In 2017, a McKinsey partner allegedly worked on a $2.7 million contract to help modernize the FDA’s Office of New Drugs while at the same time advising Purdue on maximizing the market potential of a new opioid, according to the report.

The report also alleged that McKinsey consultants with Purdue ties attempted to influence public health officials in the Trump Administration on the topic of the opioid epidemic.

The committee wrote that some of McKinsey consultants “formed part of what one consultant called McKinsey’s mini ‘army’ here at Purdue,” suggesting McKinsey’s cozy relationship with Purdue during the time period when “numerous McKinsey consultants worked for both FDA and Purdue, both officially and unofficially.” But the report didn’t say whether the particular McKinsey consultant that used the phrase “mini army” was also working on FDA projects.

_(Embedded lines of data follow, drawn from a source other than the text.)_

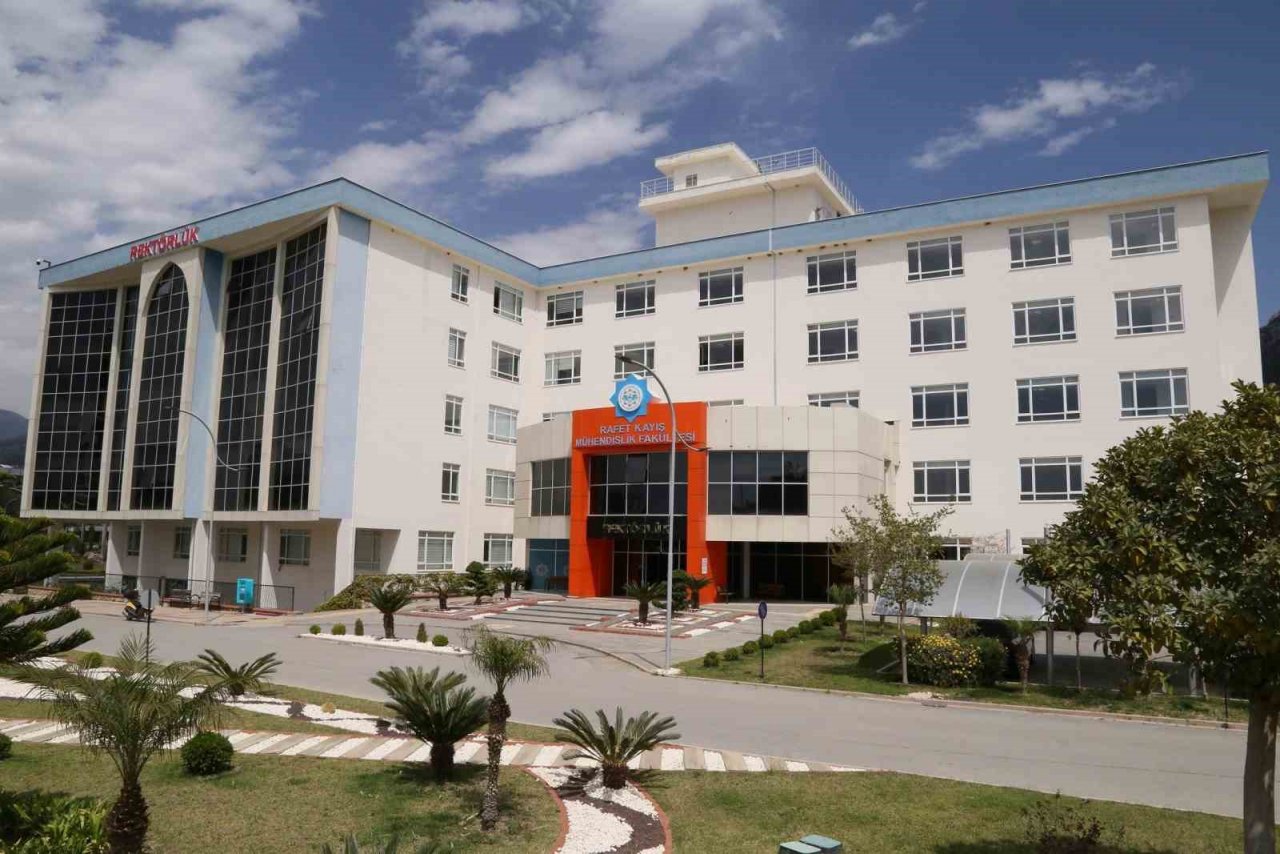 ALKÜ’lü akademisyenlere Avrupa’dan tam destek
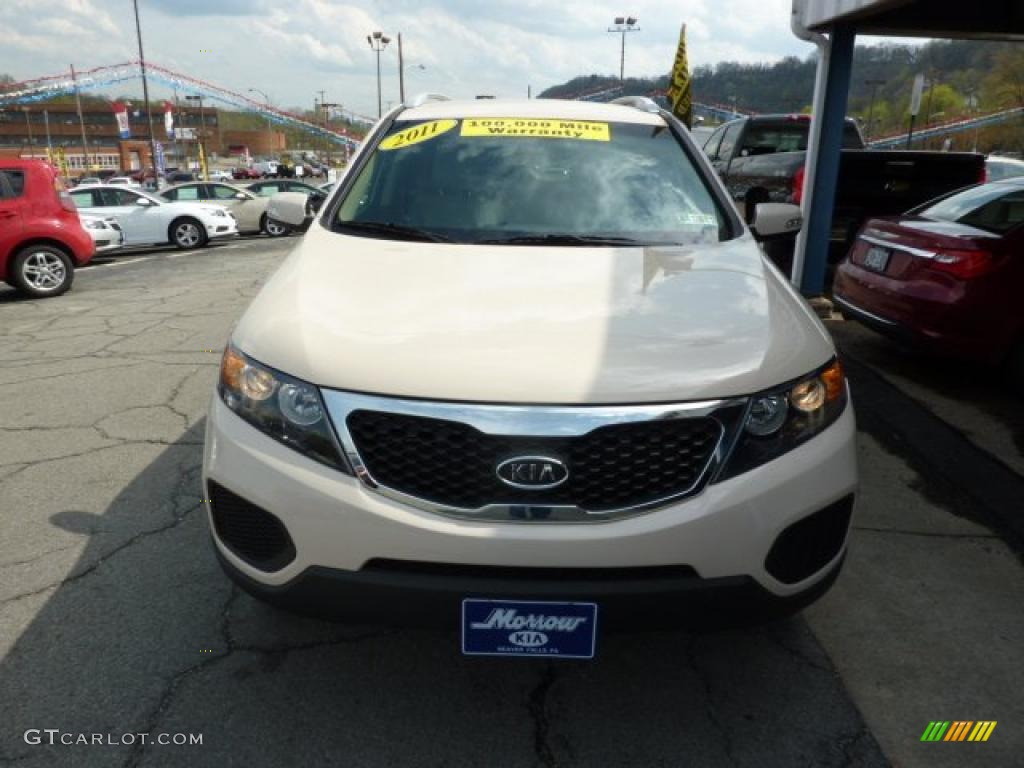 2011 Sorento LX V6 AWD - White Sand Beige / Beige photo #4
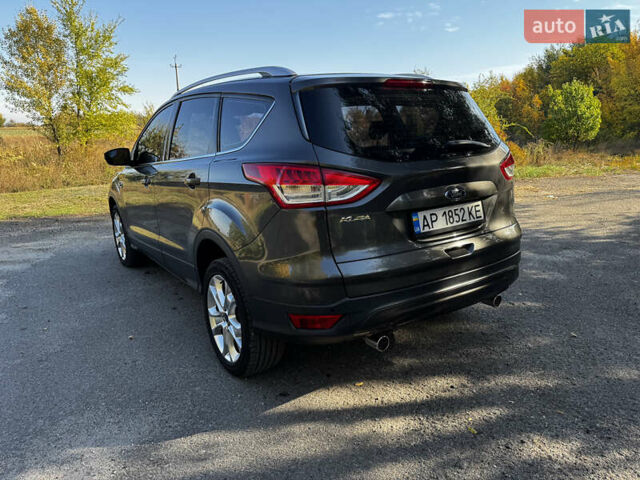 Серый Форд Куга, объемом двигателя 2 л и пробегом 117 тыс. км за 14800 $, фото 7 на Automoto.ua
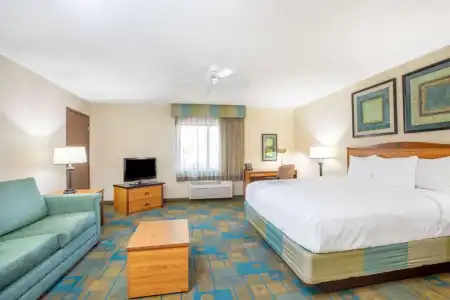 La Quinta Inn & Suites by Wyndham El Paso East - 32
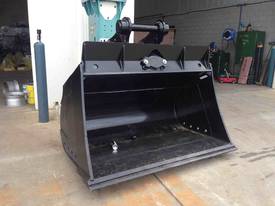 20 - 25 Tonne Tilting Mud Bucket  - picture1' - Click to enlarge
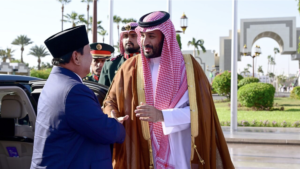 Presiden Prabowo saat bertemu dengan Putra Mahkota Arab Saudi, Mohammed bin Salman bin Abdulaziz Al Saud (MBS). Keduanya melakukan percakapan via telepon pada Rabu malam, (10/12/2025). /BPMI Setpres-Muchlis Jr.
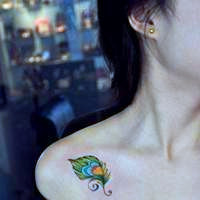 有纹身的霸气女生个性qq头像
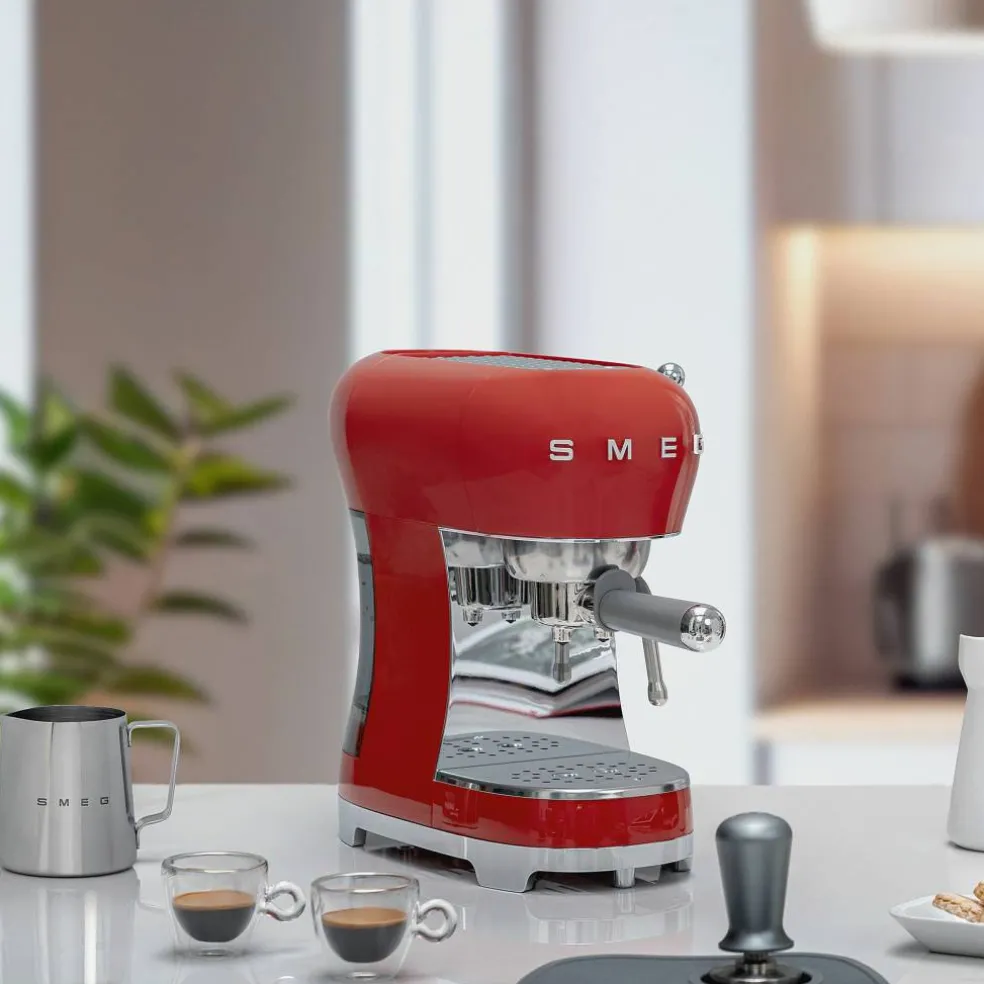 ECF02 Espressomaskin, rød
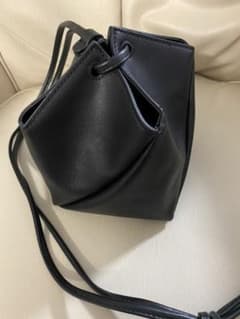 値下げ⭐️ロデオ　スクエア⬛️ショルダーバッグのサムネイル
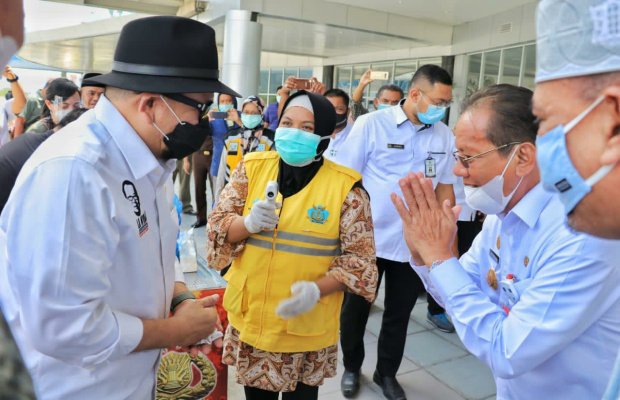 Foto : Gubernur Sulawesi Tengah, Longki Djanggola sambut kedatangan Ketua DPD RI beserta rombongan setiba di Bandara Sis Al Jufrie.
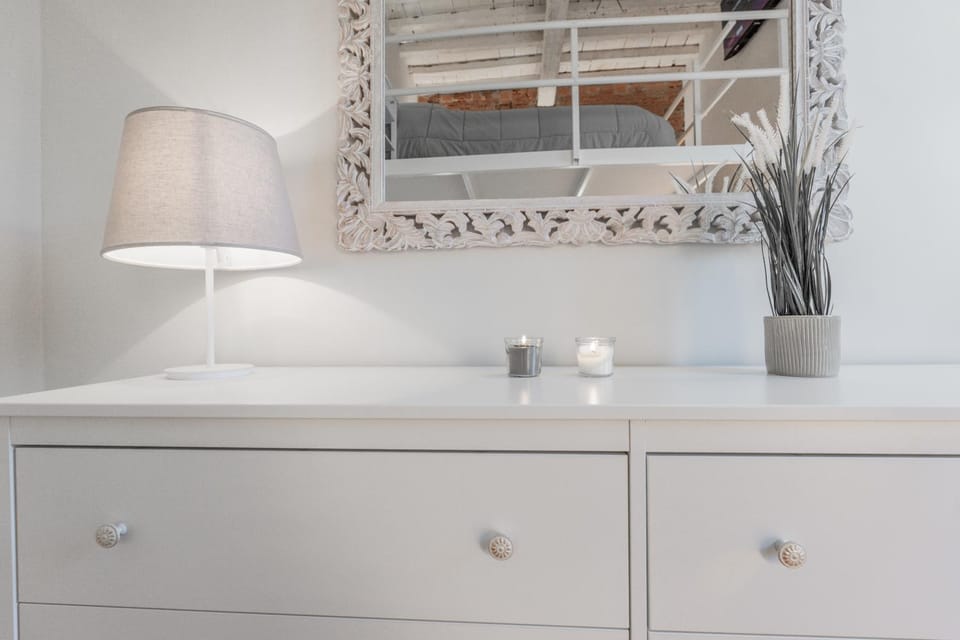 Bedroom, wardrobe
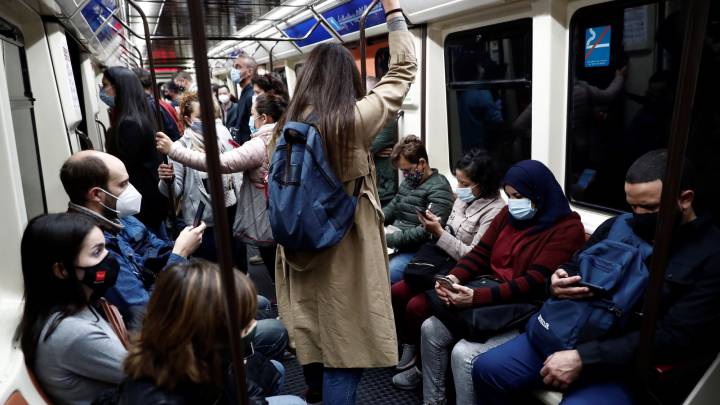 En el Metro de Madrid: "¡Mi tío acaba de fallecer por el puto COVID, ponte la mascarilla!"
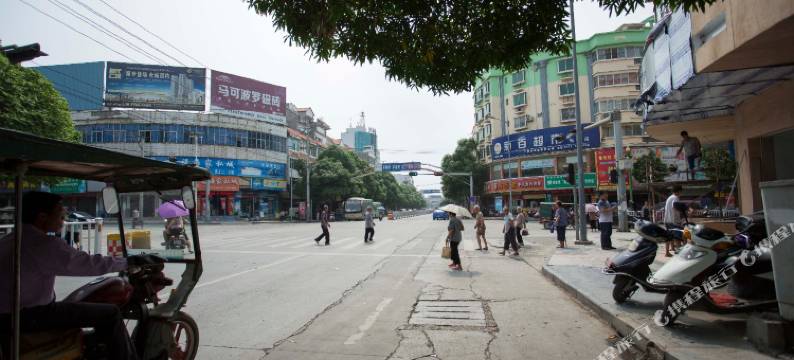 百汇商务宾馆(田东高铁站店)图片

The committee report also looked at McKinsey’s alleged lack of its potential conflicts of interest disclosures to the FDA, saying the lack of disclosure potentially violated contract requirements and federal law.

McKinsey spokesperson Neil Grace has previously told ABC News Mckinsey had made necessary conflict of interest disclosures, saying that the company’s consulting work for pharmaceutical firms “did not create a conflict of interest” regarding its work with the FDA, because it “has not advised the FDA on regulatory policy or on specific pharmaceutical products,” and “given the absence of a conflict of interest, there was no requirement for any McKinsey disclosure.”

In recent weeks, lawmakers have increasingly trained their sights on McKinsey and other contractors for allegedly accepting government contracts while pursuing outside business opportunities that may present a conflict of interest.

Earlier this month, Senate Democrats called on the Department of Health and Human Services inspector general to investigate McKinsey over alleged conflict of interest violations tied to its work with major pharmaceutical companies.

Lawmakers have also introduced legislation meant to strengthen conflict of interest safeguards for contractors like McKinsey.